The Supreme Court of Pakistan has absolved on Wednesday the Christian Asia Bibi, judged for blasphemy, and has annulled the sentence of death that had been imposed under the accusation of insulting the Prophet Muhammad in 2009, amid threats by extremist groups that they asked for his execution. "The death sentence is annulled, Asia Bibi is acquitted of the charges," Supreme Court President Saqib Nisar said while reading the appeal ruling.

Nisar, in front of a three-judge tribunal, has indicated that if there are no other charges against the Christian, "it can be released." The announcement of the sentence has taken place between strong security measures, with riot police officers and specialists in deactivating bombs at the entrance of the headquarters of the highest judicial body. To maintain security, commandos of the anti-terrorist corps, unarmed, were deployed inside the courtroom.

Bibi, mother of five children, was denounced in 2009 by some women who claimed that he had insulted Islam during an argument in a water well in the Punjab (east of the country) and was sentenced to death in 2010 for blasphemy. The Christian lost the appeal filed before the High Court of Lahore, capital of Punjab, in 2014, and in 2015 the Supreme Court stopped the execution after accepting that it would study its appeal, whose first hearing, set for 2016, was postponed after the recusal of one of the judges. The Pakistani Supreme Court studied the appeal on April 8 of Bibi's death sentence and reserved the verdict, noting that there were contradictions in the statements of the witnesses.

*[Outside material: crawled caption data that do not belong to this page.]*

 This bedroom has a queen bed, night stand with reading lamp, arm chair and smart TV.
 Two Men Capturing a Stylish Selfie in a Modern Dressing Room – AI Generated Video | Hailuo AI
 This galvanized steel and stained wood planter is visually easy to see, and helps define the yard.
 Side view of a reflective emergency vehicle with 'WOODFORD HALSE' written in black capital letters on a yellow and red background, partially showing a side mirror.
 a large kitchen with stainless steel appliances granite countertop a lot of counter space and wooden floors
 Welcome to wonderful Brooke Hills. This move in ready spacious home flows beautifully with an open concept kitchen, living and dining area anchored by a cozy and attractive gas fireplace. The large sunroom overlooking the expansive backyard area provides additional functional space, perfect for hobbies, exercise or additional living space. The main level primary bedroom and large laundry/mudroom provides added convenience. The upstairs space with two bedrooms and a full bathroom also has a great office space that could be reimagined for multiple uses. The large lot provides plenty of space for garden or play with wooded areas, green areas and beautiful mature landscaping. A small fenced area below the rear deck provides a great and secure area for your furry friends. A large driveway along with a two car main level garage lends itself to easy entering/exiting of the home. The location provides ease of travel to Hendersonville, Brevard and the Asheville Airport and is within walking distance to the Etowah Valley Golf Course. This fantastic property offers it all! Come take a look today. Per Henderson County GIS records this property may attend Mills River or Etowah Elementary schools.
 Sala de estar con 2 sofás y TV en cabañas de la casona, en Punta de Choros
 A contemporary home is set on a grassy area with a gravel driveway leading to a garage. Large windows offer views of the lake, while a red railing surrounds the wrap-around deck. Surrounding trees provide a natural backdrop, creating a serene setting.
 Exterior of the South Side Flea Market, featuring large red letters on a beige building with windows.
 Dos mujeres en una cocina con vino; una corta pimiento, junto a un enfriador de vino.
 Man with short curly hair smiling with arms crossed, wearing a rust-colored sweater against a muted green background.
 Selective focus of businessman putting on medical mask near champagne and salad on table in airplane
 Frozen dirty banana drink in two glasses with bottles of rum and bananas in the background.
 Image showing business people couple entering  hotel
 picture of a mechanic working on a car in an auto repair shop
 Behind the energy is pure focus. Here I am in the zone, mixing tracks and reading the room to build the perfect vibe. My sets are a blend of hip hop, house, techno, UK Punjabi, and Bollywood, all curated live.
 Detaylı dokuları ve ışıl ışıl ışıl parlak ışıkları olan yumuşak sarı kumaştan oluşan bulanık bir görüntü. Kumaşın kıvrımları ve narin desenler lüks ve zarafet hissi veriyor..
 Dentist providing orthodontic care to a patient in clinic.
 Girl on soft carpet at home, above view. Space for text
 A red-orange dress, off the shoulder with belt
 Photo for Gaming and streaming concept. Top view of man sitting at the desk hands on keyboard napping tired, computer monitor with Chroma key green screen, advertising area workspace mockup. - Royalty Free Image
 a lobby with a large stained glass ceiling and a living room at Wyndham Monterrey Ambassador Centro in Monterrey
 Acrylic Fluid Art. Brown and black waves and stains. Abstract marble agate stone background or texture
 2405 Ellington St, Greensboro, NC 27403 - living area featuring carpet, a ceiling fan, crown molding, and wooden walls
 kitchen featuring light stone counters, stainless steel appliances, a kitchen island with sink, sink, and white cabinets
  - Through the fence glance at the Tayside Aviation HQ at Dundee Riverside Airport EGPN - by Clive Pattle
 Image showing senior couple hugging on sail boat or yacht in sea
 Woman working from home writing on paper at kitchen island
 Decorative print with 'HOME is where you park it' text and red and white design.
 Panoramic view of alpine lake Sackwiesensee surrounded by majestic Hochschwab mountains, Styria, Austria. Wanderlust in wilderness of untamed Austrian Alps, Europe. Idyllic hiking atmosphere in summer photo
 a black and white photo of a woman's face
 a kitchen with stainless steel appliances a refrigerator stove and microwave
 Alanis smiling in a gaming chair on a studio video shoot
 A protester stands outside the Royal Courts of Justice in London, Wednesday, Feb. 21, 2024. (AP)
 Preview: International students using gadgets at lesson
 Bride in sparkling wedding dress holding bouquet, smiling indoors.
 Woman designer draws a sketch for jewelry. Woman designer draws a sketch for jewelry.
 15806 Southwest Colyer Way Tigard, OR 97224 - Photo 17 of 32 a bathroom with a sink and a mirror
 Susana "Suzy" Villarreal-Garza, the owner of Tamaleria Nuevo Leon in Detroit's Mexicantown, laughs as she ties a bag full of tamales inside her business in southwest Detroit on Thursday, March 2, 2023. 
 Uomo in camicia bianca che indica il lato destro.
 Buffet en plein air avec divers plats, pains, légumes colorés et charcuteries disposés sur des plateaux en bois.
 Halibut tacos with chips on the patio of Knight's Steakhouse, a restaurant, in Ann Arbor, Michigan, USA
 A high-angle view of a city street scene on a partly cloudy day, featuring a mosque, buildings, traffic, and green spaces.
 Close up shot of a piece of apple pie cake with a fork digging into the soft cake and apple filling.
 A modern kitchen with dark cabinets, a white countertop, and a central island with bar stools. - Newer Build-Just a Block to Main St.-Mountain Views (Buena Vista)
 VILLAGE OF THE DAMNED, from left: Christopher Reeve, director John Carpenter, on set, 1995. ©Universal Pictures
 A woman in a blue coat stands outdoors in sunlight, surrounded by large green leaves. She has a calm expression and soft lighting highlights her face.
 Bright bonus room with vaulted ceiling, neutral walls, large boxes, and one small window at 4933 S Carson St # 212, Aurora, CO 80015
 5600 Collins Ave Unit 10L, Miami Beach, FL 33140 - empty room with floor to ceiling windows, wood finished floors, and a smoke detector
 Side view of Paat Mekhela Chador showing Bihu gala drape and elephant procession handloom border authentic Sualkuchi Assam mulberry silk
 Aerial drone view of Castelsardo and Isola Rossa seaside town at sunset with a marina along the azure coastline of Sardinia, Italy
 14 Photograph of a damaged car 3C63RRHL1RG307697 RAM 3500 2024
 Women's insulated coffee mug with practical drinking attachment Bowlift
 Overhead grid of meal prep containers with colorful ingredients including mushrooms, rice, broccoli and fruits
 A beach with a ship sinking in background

The radical political party Tehreek-e-Labbaik Pakistan (TLP) threatened that day with "dangerous consequences" to the judges if Asia Bibi was declared innocent. A few days later, thousands of Islamists demanded its execution in different Pakistani cities.

The hard Pakistani anti-blasphemy law was established in the British colonial era to avoid religious clashes, but in the 1980s several reforms sponsored by the dictator Zia-ul-Haq favored the abuse of this norm. Since then, there have been a thousand accusations for blasphemy, a crime that in Pakistan may carry capital punishment, although nobody has ever been executed for this crime.

Bibi's case has provoked international outrage, but in Pakistan it has become a cause for Islamist groups and parties and has caused at least two murders. One of them, the former governor of Punjab, Salman Tasir, was killed by one of his bodyguards in 2011 for publicly defending Bibi's cause. The bodyguard, Mumtaz Qadri, was executed in 2016 and then buried as a hero. The second was that of a Christian Minority Minister, Shahbaz Bhatti, who was shot dead on the doorstep of his home in 2011 for defending Bibi and opposing the anti-blasphemy legislation.